= Rojbin Ören =

Turkish national cross-country skier (born 1992)

Rojbin Ören (born 1992) is a Turkish former national cross-country skier, physical education teacher, and coach.

== Biography ==
Ören was born in Yüksekova, Hakkari. She began skiing at the age of 11, inspired by the athletic successes of her brother and uncle. Despite the harsh winter conditions and high altitude of her hometown, she utilized the environment to her advantage to develop her skills. Rojbin Ören first rose to the Turkish National Team in 2006. She achieved this rank just one year after she began her skiing career in 2005, and she is the first female athlete from her region to represent Turkey as a national athlete.

== Sporting career ==
Ören competed in cross-country skiing, Nordic disciplines, and biathlon, representing Turkey at national, European, and Balkan competitions. Between 2006 and 2013, she earned multiple podium finishes at Turkish national championships and won medals at Balkan championships. She placed sixth at a World Championship event in Italy.

She also competed in ice hockey and athletics, finishing third with her university team at the 2012 Turkish Ice Hockey Championship.
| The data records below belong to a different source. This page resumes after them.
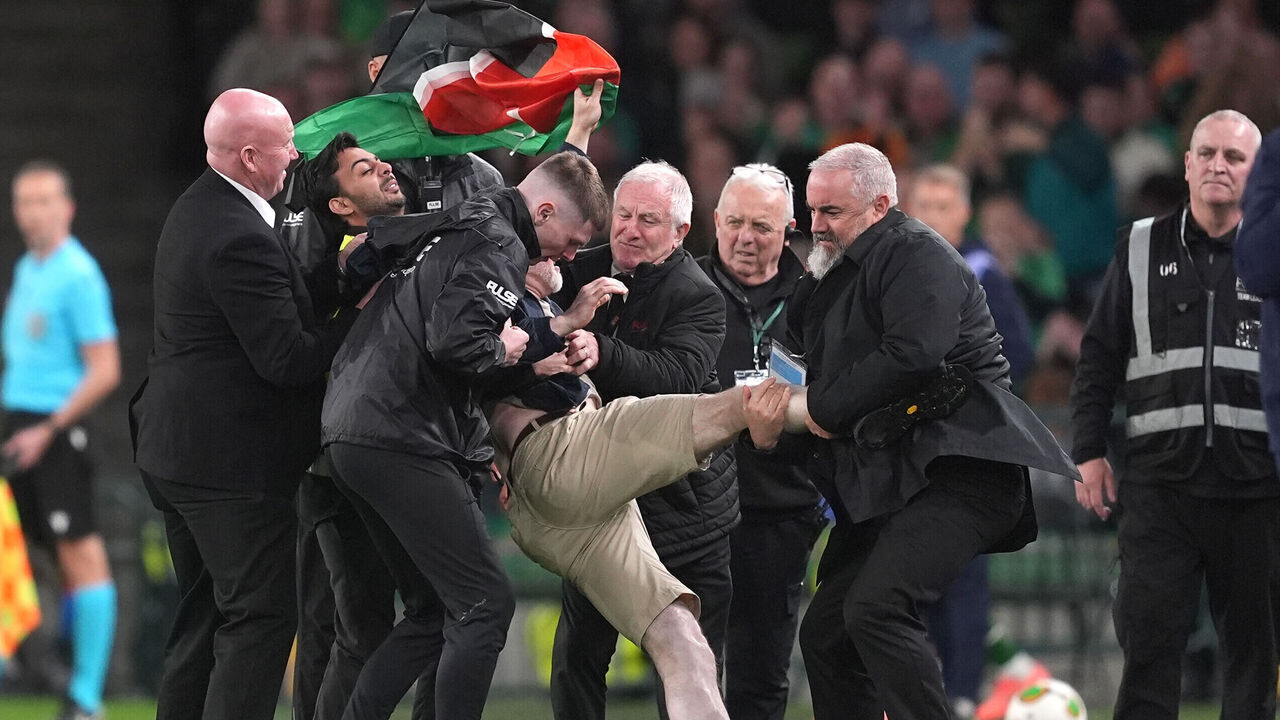 A protestor is escorted off the field by security during the UEFA Nations League, Group B3 match at the Aviva Stadium in Dublin, Ireland. Picture date: Thursday October 1, 2026.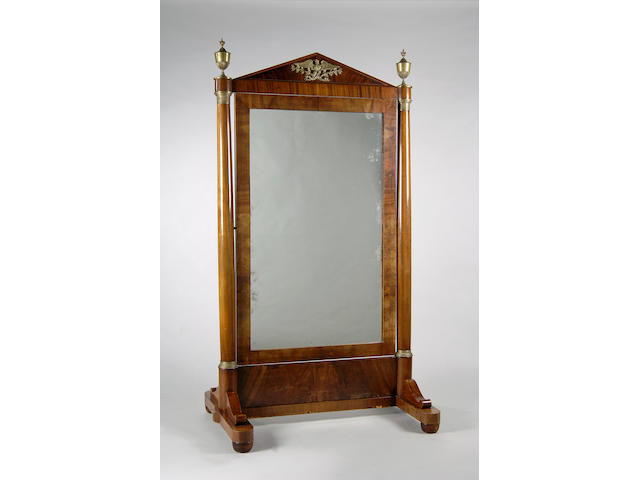 A 19th Century Empire style mahogany and brass mounted cheval mirror,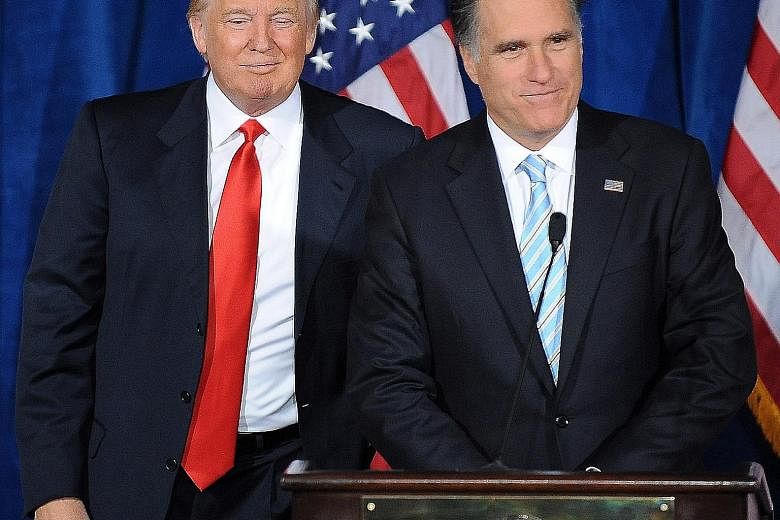 Then Republican presidential candidate Mitt Romney (left) addressing supporters after being endorsed by Mr Trump in Las Vegas in 2012. Mr Romney will make his first venture into the 2016 campaign alongside Mr Kasich in Ohio.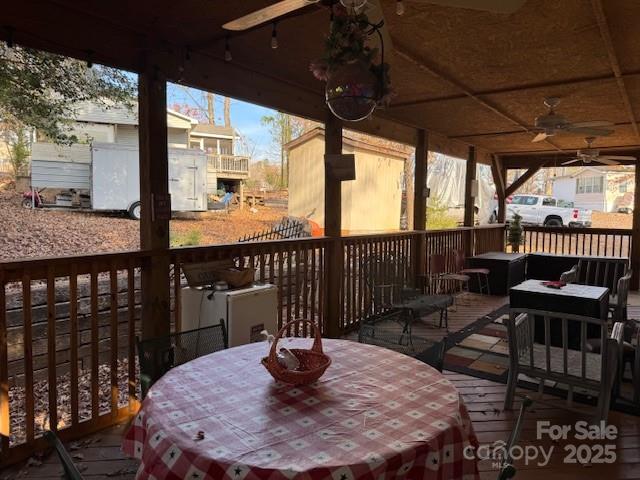 127 Deer Park Road Mount Gilead, NC 27306 - Photo 14 of 15 a table and chairs with wooden floor in front of a yard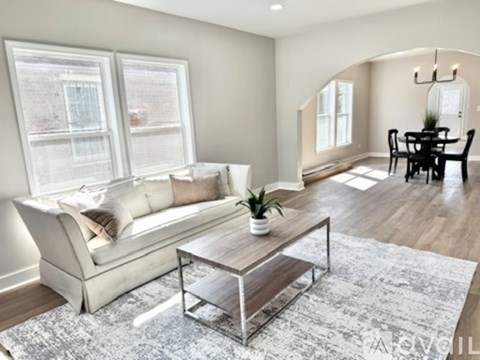 A modern living room with a white sofa and a glass coffee table.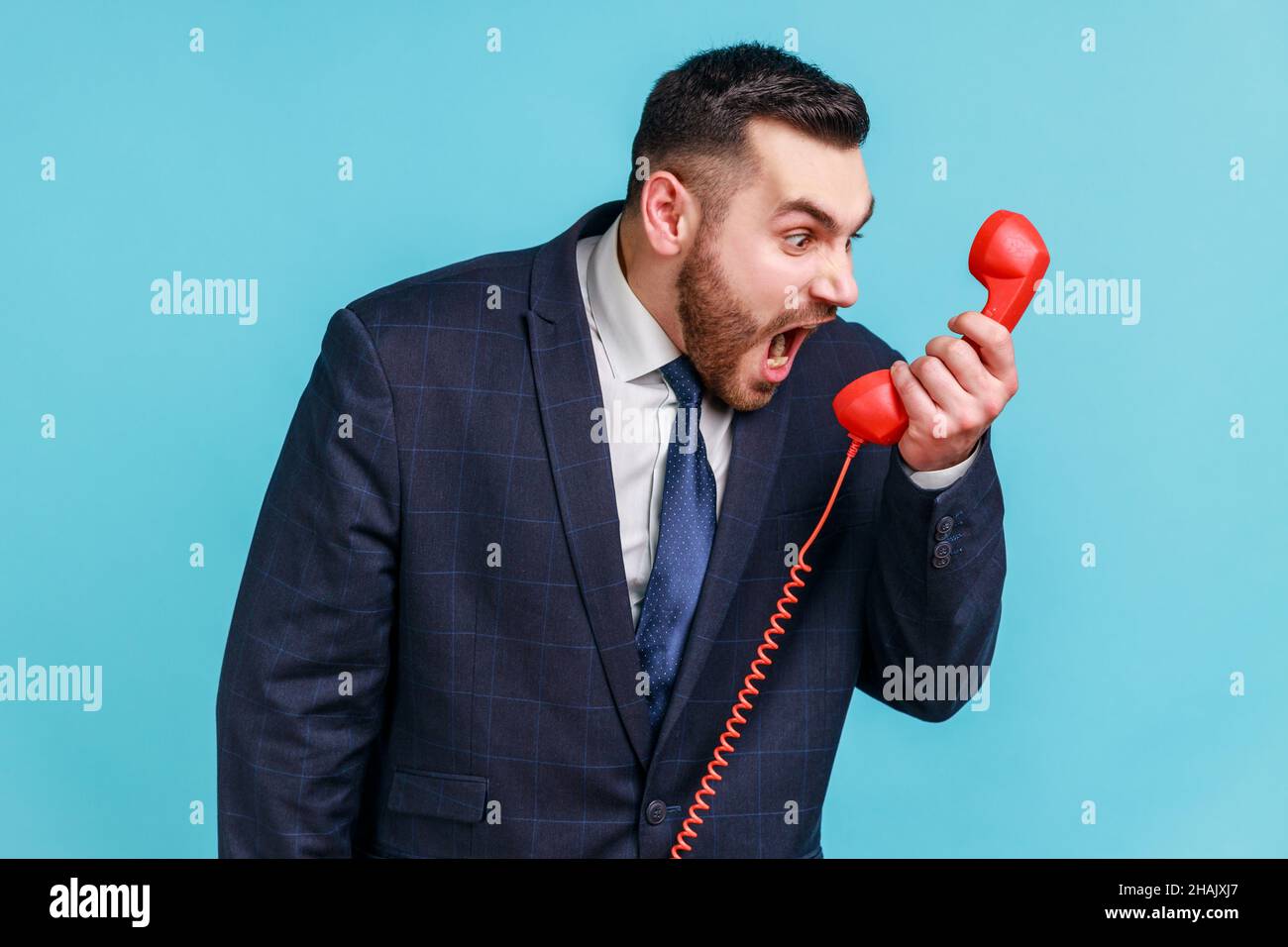 Angry nervous bearded man wearing official style suit screaming and yelling talking retro landline phone, complaining on connection quality. Indoor studio shot isolated on blue background. Stock Photo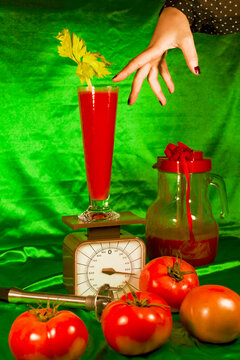 Hand by glass of juice on weight scale around fresh tomatoes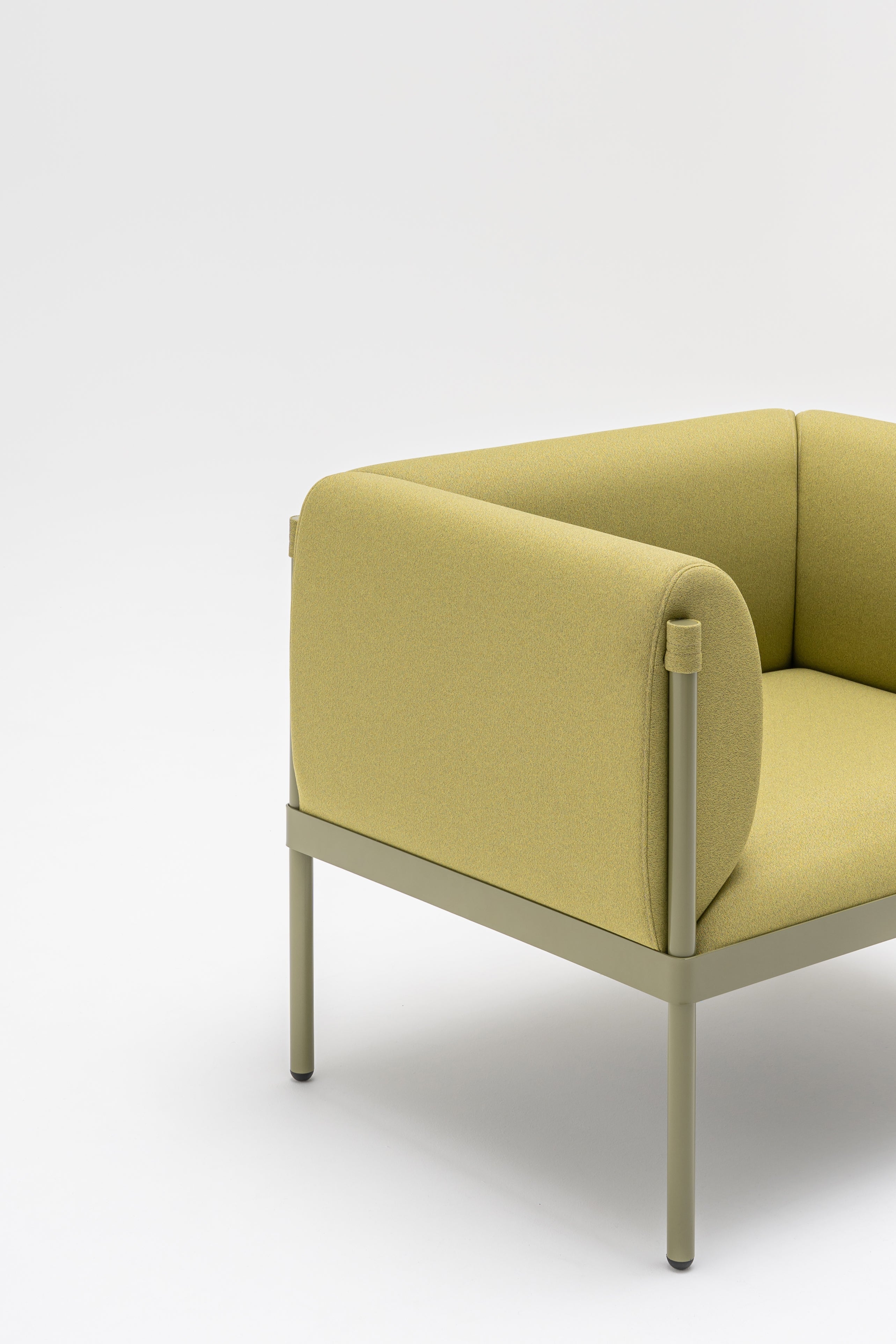 Low upholstered stilt armchair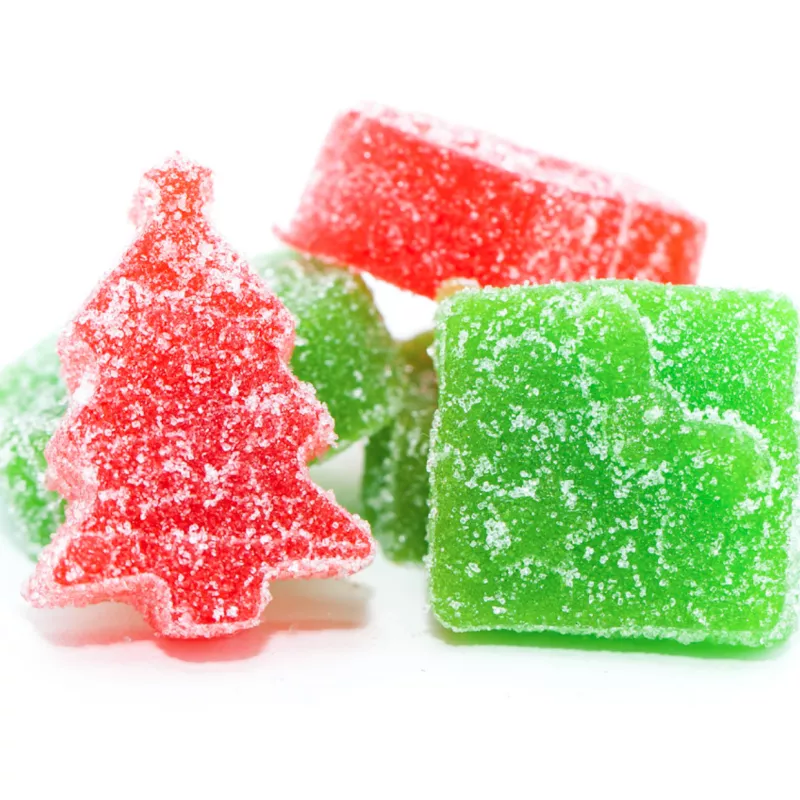 Colorful sugar-coated Christmas tree and cube gummies, festive holiday treats.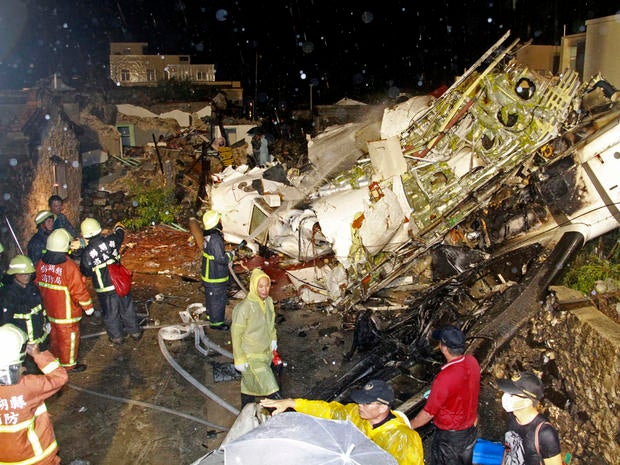 Rescue workers work next to the wreckage of TransAsia Airways Flight GE222, which crashed while attempting to land in stormy weather on the Taiwanese island of Penghu July 23, 2014.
Later, she served for three years as a coach for the Turkish National Ski Team, including the women’s team.

== Coaching and later career ==
After returning to Yüksekova as a physical education teacher, Ören became active in youth sports development and served as Sports, Cultural and Social Project Coordinator at the local Directorate of National Education.

She volunteers as a cross-country skiing coach for middle school students, training them near the Dilimli Dam. She believes Yüksekova’s high altitude and harsh winters provide ideal conditions for endurance sports. Under her guidance, several students have achieved national success.